In last week’s issue, the Economist praised Apple’s ability to build upon the innovation of others. The anonymous correspondent gushes:
[Apple’s] real skill lies in stitching together its own ideas with technologies from outside and then wrapping the results in elegant software and stylish design. The idea for the iPod, for example, was originally dreamt up by a consultant whom Apple hired to run the project. It was assembled by combining off-the-shelf parts with in-house ingredients such as its distinctive, easily used system of controls. And it was designed to work closely with Apple's iTunes jukebox software, which was also bought in and then overhauled and improved. Apple is, in short, an orchestrator and integrator of technologies, unafraid to bring in ideas from outside but always adding its own twists.The description at first struck me as odd. Certainly they have right the design role of Tony Fadell (iPod consultant whose role is sometimes minimized in favor of bigshot Apple execs) and the software contributions of Bill Kincaid and Jeff Robbin, authors of SoundJam (which became iTunes).
But what was jarring is how much that Apple has changed. The Apple of the 1990s was the exemplar of NIH. I once tried to prove that “Not Invented Here” was invented at Apple, but the problem is widespread enough that no one company can get the credit (blame). Any Mac developer will tell you how we suffered almost 20 years working with an operating system (OS 1.x,4.x,5.x,6.x,7.x,8.x and 9.x) designed in the early 1980s by programmers who’d never heard of Unix (or VMS or CMS or RSX-11 or anything else). In the 1990s, Apple kept inventing new electrical interfaces and standards just because it could, not because the world needed them.
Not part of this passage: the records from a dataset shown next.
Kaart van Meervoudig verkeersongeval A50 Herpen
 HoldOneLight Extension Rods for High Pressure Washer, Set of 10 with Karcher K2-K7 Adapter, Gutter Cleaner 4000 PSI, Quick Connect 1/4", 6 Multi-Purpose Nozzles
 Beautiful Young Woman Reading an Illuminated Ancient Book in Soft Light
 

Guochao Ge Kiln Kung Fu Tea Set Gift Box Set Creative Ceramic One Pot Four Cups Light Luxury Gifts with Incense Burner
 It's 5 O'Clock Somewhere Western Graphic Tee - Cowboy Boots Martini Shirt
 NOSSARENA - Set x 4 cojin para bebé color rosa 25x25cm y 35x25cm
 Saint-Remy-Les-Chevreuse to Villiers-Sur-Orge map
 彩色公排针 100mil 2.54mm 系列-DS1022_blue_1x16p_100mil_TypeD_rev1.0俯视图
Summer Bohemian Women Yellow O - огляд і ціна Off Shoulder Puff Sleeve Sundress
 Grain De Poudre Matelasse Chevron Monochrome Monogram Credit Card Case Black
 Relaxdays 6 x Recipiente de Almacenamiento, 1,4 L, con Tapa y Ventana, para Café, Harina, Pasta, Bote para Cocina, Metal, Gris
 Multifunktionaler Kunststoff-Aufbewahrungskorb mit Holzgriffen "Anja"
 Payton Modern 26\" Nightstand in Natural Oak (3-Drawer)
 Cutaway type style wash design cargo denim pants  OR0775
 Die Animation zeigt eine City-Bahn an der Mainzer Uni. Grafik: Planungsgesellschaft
I think the Economist is right, and the new Apple is an exemplar of what we now call “open innovation.” (For some reason the Economist claims it’s called “network innovation,” but as someone who studies social networks, network industries, and all forms of innovation, I’ve never heard this term and can’t find anyone who uses it). The business model also has elements of user innovation and cumulative innovation, which thus brings to mind a talk I gave last month distinguishing the three types of innovation.
Apple has come a long way in a decade. It has always run a systems business, and (to varying degrees) been concerned with product design and ease of use. The turnaround is in part due to execution, and in large part due to a willingness to be open to building upon the ideas of others.
Steve Jobs claims he was quoting Picasso when he said “Good artists copy, great artists steal.” Whatever the source, the best innovations build upon what has been done before.